特定技能「素形材産業」取得外国人採用の流れ

特定技能「素形材産業」取得外国人採用の流れは、外国人材が採用時点で国外在住か国内在住かで異なります。
ここでは、国外・国内それぞれのケースでの流れについて解説します。

  • 国外在住の場合
  • 国内在住の場合

国外在住の場合

国外在住の外国人材を採用する場合の一般的なフローは以下の通りです。

1.人材を募集し、面接を行う

海外在住の候補者は、現地の人材紹介会社や派遣・エージェントを通じて募集されるケースが多く、遠隔面接(オンライン形式)での選考も一般的です。

特に特定技能制度では、該当分野の試験に合格していることが必須条件となるため、面接の際にはその資格についての確認が大切です。

2.特定技能の雇用契約を結ぶ

選考を通過したら、雇用条件(仕事内容・賃金・労働時間・福利厚生など)を明示した正式な雇用契約を結びます。特定技能では、日本人同様の労働条件が求められるため、契約内容は制度要件に準拠する必要があります。

3.外国人支援の計画を立てる

「1号特定技能支援計画」と呼ばれる、外国人が安心して生活し働けるようさまざまな支援を体系的に計画します。支援には、住居の確保、公的手続きのサポート、日本語学習機会の提供、定期面談など多岐に渡る支援項目が含まれます。

4.「特定技能」の在留資格を申請

在留資格の申請には、国外在住者の場合「在留資格認定証明書交付申請」が該当します。申請書類一式を出入国在留管理庁に提出し、審査・許可を得るまでにはおおよそ1〜2ヶ月かかるケースもある点には注意が必要です。

5.許可が出たらビザを取得

在留資格認定証明書が発行されたら、現地の日本大使館や領事館へ持参し、ビザの取得手続きを行います。

6.日本へ渡航し、勤務開始

ビザが発給されたら渡航可能なため、入国後すぐに勤務が始められる準備を整えておくことが大切です。雇用主は、受け入れ後も支援計画に沿ったサポートを継続する必要があります。

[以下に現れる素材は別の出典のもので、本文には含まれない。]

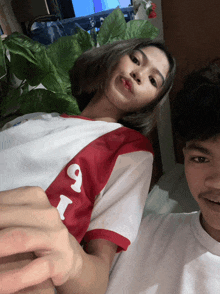 a man and a woman are posing for a picture with the woman wearing a red and white shirt with the number 9 on it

上記のフローを事前に把握し、各ステップで漏れなく対応するように心がけましょう。

国内在住の場合

国外在住の外国人材を採用する場合の一般的なフローは以下の通りです。

1.人材を募集し、面接を行う

まず、日本在住の外国人で「技能評価試験・日本語試験に合格済」または「技能実習2号を良好に修了した方(試験免除適用)」など、特定技能の要件を満たす人材を対象に、募集・面接を行います。

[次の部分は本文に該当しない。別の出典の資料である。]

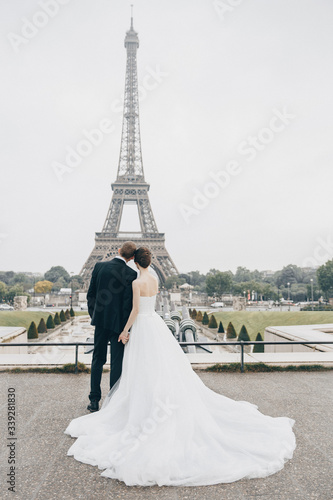 Bride and groom having a romantic marriage in Paris. Wedding couple on a background of Eiffel Tower in Paris. Romantic date, wedding ceremony in France. Bride in wedding dress. Wedding ring © Maksim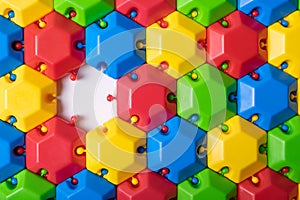 Plastic colorful puzzle constructor with one missing link. Can be used as a colorful abstract background or as an idea of a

募集の際は試験の状況や在留ステータスの確認がポイントです。

2.特定技能の雇用契約を結ぶ
面接に合格したら、法令に準拠した「特定技能雇用契約」を締結します。雇用条件や業務内容は特定技能制度の基準をクリアしている必要があり、書類は後の申請で提出します。

3.外国人支援の計画を立てる
「1号特定技能外国人支援計画」を策定し、生活・業務両面の支援を計画的に整えます。支援体制が不足していれば、登録支援機関への委託も可能です。

4.在留資格の変更を申請する
制度要件をクリアしたら、該当する入国管理局へ「在留資格変更許可申請」を行います。通常、審査にかかる期間は1~3ヶ月程度です。

5.許可が下りたら勤務開始
在留資格変更が許可されると、新しい在留カードが発行され、特定技能1号としての就労が正式に始められます。就労後は支援計画に基づいて継続的なサポートや報告義務があります。

「国内在住ルート」は、在留資格認定証明書の交付手続き(国外在住者用)よりもスムーズです。特に、日本にいる留学生や技能実習経験者を採用する企業にとっては、迅速なスタートが可能な方法といえます。

特定技能「素形材産業」のまとめ

特定技能「素形材産業」のまとめ

特定技能「素形材産業」分野は、日本の製造業を支える重要な人材確保の手段として注目されています。

鋳造・鍛造・機械加工・電子部品組立てなど、幅広い製造業務に対応したこの制度を活用することで、企業は即戦力となる外国人材を雇用できます。

採用の流れは、国内在住者と国外在住者とで手続きが異なりますが、以下のようなプロセスで進むのが一般的です。

  1. 人材の募集と面接を実施
  2. 特定技能の雇用契約を締結
  3. 外国人支援計画の策定(または登録支援機関へ委託)
  4. 在留資格の「取得」または「変更」を申請
  5. 許可後にビザ発給(国外)または勤務開始(国内)

採用の際は、単に労働力を確保するという観点だけでなく、制度に即した適正な受け入れ体制の整備が必要不可欠です。

また、受け入れ時に満たす必要のある要件は以下の通りです。

  1. 日本標準産業分類における、鋳型製造・金属表面処理・電子部品製造などの対象業種に該当していること(事業所単位で判断)
  2. 直近1年間に製造品出荷額などの実績があること
  3. 特定技能協議会への加入が完了していること
  4. 外国人材に対する支援体制の整備(支援責任者の配置 or 登録支援機関への委託)

特に、初めて外国人材を採用する企業は、支援の委託が義務付けられる場合があるため、事前に自社の体制を確認し、必要に応じて登録支援機関との連携も検討するようにしましょう。

特定技能制度は「外国人雇用のハードルを下げる制度」である一方、法令に基づいた正確な運用が求められます。本記事を参考に、特定技能「素形材産業」分野の採用を進めていただければ幸いです。